Medicare is the ever-growing elephant dragging the country under, so I’m pleased to see that its beneficiaries are starting to feel a bit of a squeeze. In Medicare rise could mean no Social Security COLA, the AP explains how Medicare premium increases are sucking up the full Social Security cost of living increase for many recipients:
When Medicare premiums rise more than Social Security payments, millions of people living on fixed incomes don’t get raises. On the other hand, most don’t get pay cuts, either, because a hold-harmless provision prevents higher Part B premiums from reducing Social Security payments for most people.
Predictably, most of the article focused on the hardships visited on seniors whose finances are being hurt by the lack of a Social Security boost. But luckily, the article devotes at least a little space to telling the cold, hard truth:
Older people might feel they are falling behind because they haven’t had a raise since 2009, but many are benefiting, said Andrew Biggs, a former deputy commissioner of the Social Security Administration who is now a resident scholar at the American Enterprise Institute.
Consumer prices dropped, but Social Security benefits didn’t drop, Biggs said. At the same time, health care costs went up, but Part B premiums stayed the same for most beneficiaries.
“They are better off because of that,” Biggs said. “Somebody else is paying for a greater share of their health care. This will get me hate mail, obviously.
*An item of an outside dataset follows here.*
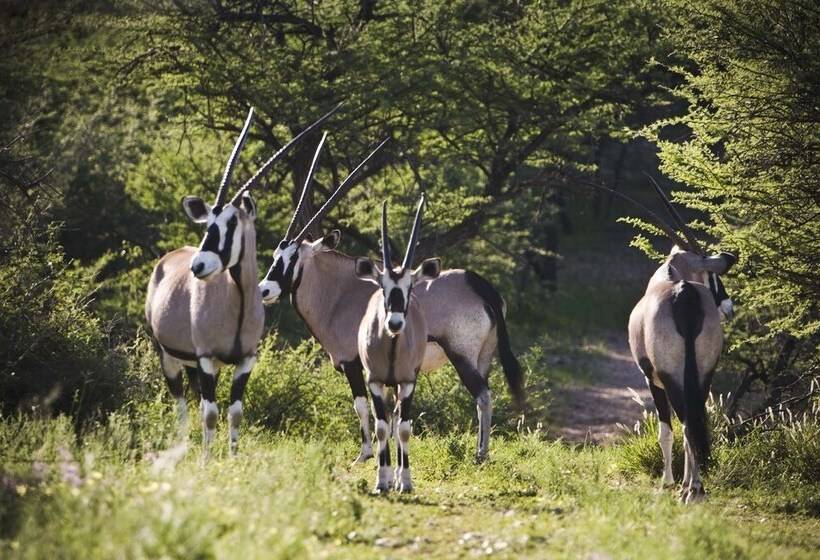 هتل Windhoek Game Camp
But it is what it is.”
While I feel badly for senior citizens living on a fixed income and paying more toward Medicare, I feel worse about younger, working people who pay into Medicare, Social Security and the general coffers (through income tax) in order to pay for seniors’ pensions and health care. Many of these folks don’t have health insurance themselves, and certainly won’t be in a position to enjoy the relatively generous benefits received by those on Social Security and Medicare today.
I’d like to see Social Security payments actually drop (not just hold steady) when Medicare cost increases are high. That might give seniors more of a stake in helping the country address the health care cost conundrum.